On Wed, Apr 11, 2018 at 01:03:59PM +0100, Robin Murphy wrote: > On 10/04/18 21:59, Sinan Kaya wrote: >> Code is expecing to observe the same number of buffers returned from >> dma_map_sg() function compared to sg_alloc_table_from_pages(). This >> doesn't hold true universally especially for systems with IOMMU. > > So why not fix said code? It's clearly not a real hardware limitation, and > the map_sg() APIs have potentially returned fewer than nents since forever, > so there's really no excuse. Yes, relying on dma_map_sg returning the same number of entries as passed it is completely bogus. >> IOMMU driver tries to combine buffers into a single DMA address as much >> as it can. The right thing is to tell the DMA layer how much combining >> IOMMU can do. > > Disagree; this is a dodgy hack, since you'll now end up passing > scatterlists into dma_map_sg() which already violate max_seg_size to begin > with, and I think a conscientious DMA API implementation would be at rights > to fail the mapping for that reason (I know arm64 happens not to, but that > was a deliberate design decision to make my life easier at the time). Agreed.
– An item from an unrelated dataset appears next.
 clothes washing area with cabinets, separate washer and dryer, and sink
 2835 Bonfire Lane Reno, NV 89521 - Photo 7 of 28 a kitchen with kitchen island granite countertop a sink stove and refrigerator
Am 12.04.2018 um 08:26 schrieb Christoph Hellwig: > On Wed, Apr 11, 2018 at 01:03:59PM +0100, Robin Murphy wrote: >> On 10/04/18 21:59, Sinan Kaya wrote: >>> Code is expecing to observe the same number of buffers returned from >>> dma_map_sg() function compared to sg_alloc_table_from_pages(). This >>> doesn't hold true universally especially for systems with IOMMU. >> So why not fix said code? It's clearly not a real hardware limitation, and >> the map_sg() APIs have potentially returned fewer than nents since forever, >> so there's really no excuse. > Yes, relying on dma_map_sg returning the same number of entries as passed > it is completely bogus. I agree that the common DRM functions should be able to deal with both, but we should let the driver side decide if it wants multiple addresses combined or not. > >>> IOMMU driver tries to combine buffers into a single DMA address as much >>> as it can. The right thing is to tell the DMA layer how much combining >>> IOMMU can do. >> Disagree; this is a dodgy hack, since you'll now end up passing >> scatterlists into dma_map_sg() which already violate max_seg_size to begin >> with, and I think a conscientious DMA API implementation would be at rights >> to fail the mapping for that reason (I know arm64 happens not to, but that >> was a deliberate design decision to make my life easier at the time). > Agreed. Sounds like my understanding of max_seg_size is incorrect, what exactly should that describe? Thanks, Christian.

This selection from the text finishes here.